# [Extracted entries]
+ + + + + + +
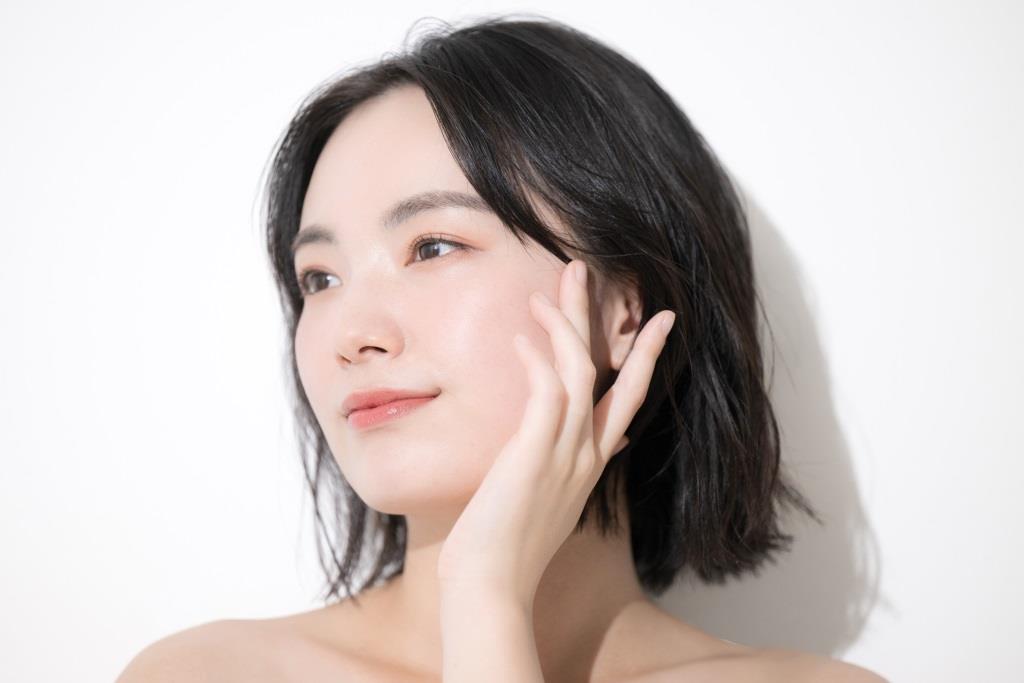 女性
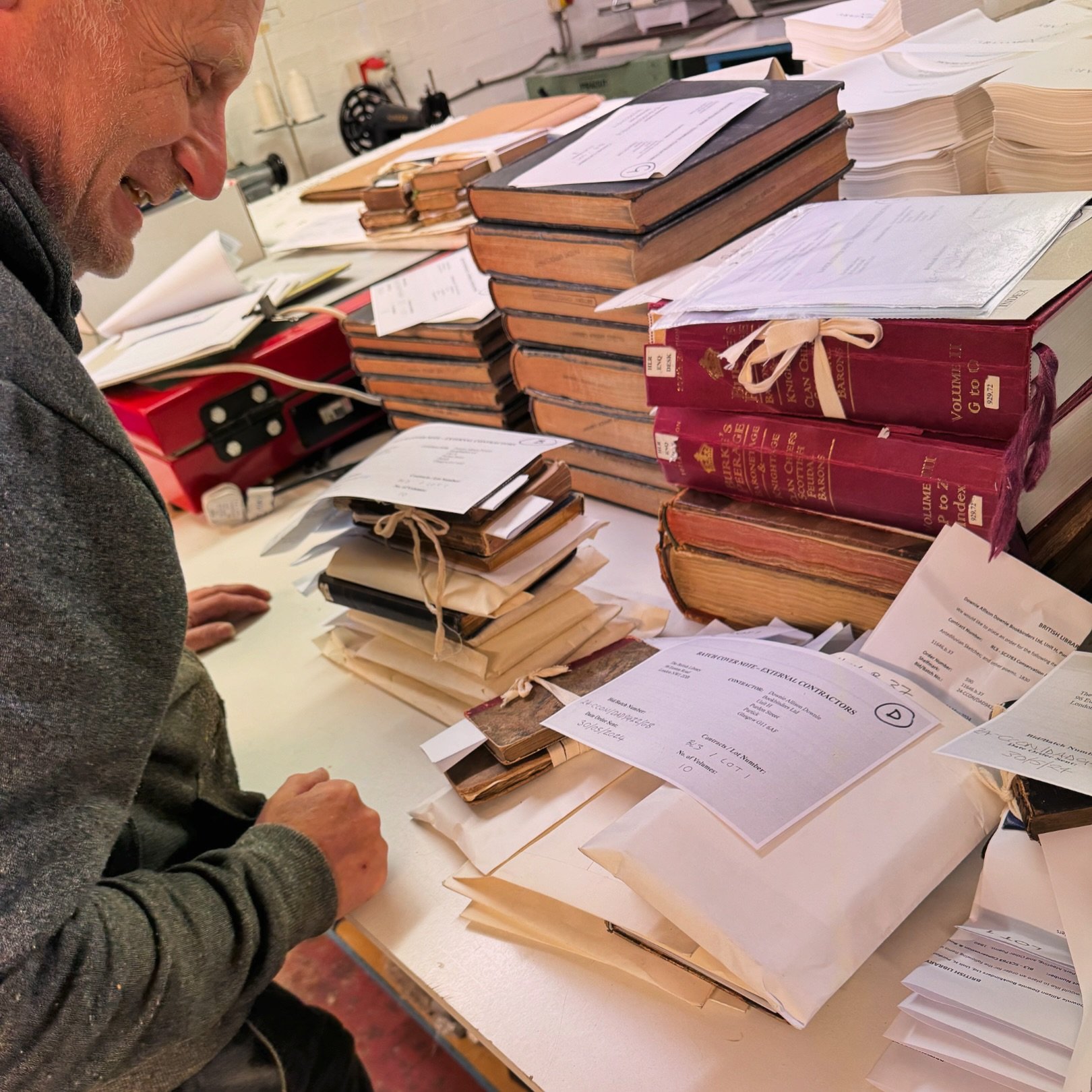 The start of the process - getting information out of John&rsquo;s head!!

John and I have spent the entire morning ploughing our way through the piles of books collected from our libraries in London last week. Every book is thoroughly assessed for c
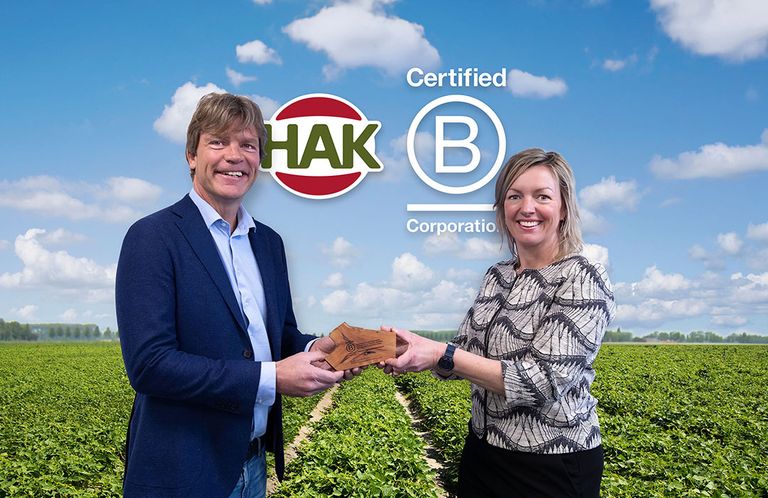 Timo Hoogeboom (HAK) ontvangt B Corp-certificering van Tessa van Soest (B Lab Benelux). Foto: HAK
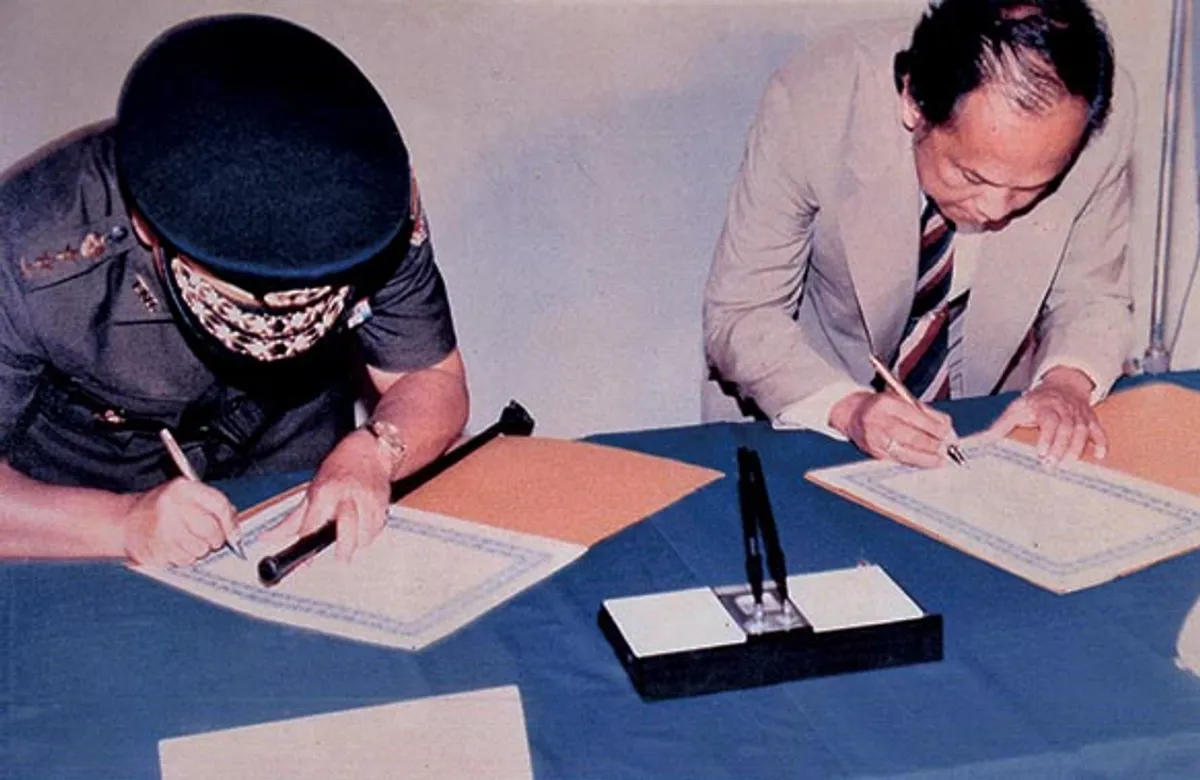 Penandatanganan serah terima Pindad dari Kasad Jenderal Rudini kepada B.J. Habibie tanggal 29 April 1983. (Sumber: Pindad)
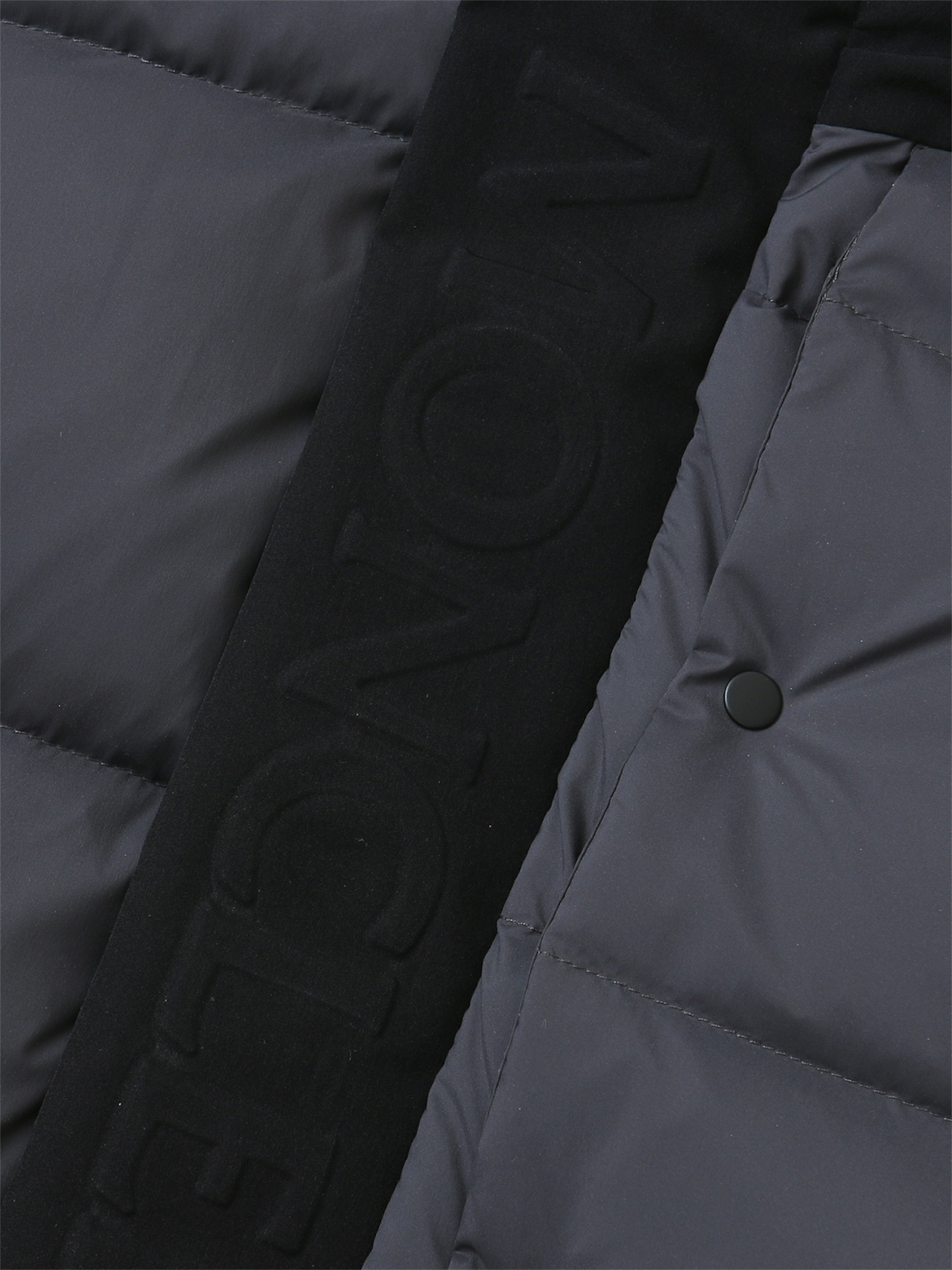 Moncler Moncler Madeira Down Jacket Grey – detail view in premium quality with AA+ craftsmanship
+ + + + + + +
# [Exercise]
Please transcribe all of the entries word for word, with the pictures left out.

# [Answer]
 女性
 The start of the process - getting information out of John&rsquo;s head!!

John and I have spent the entire morning ploughing our way through the piles of books collected from our libraries in London last week. Every book is thoroughly assessed for c
 Timo Hoogeboom (HAK) ontvangt B Corp-certificering van Tessa van Soest (B Lab Benelux). Foto: HAK
 Penandatanganan serah terima Pindad dari Kasad Jenderal Rudini kepada B.J. Habibie tanggal 29 April 1983. (Sumber: Pindad)
 Moncler Moncler Madeira Down Jacket Grey – detail view in premium quality with AA+ craftsmanship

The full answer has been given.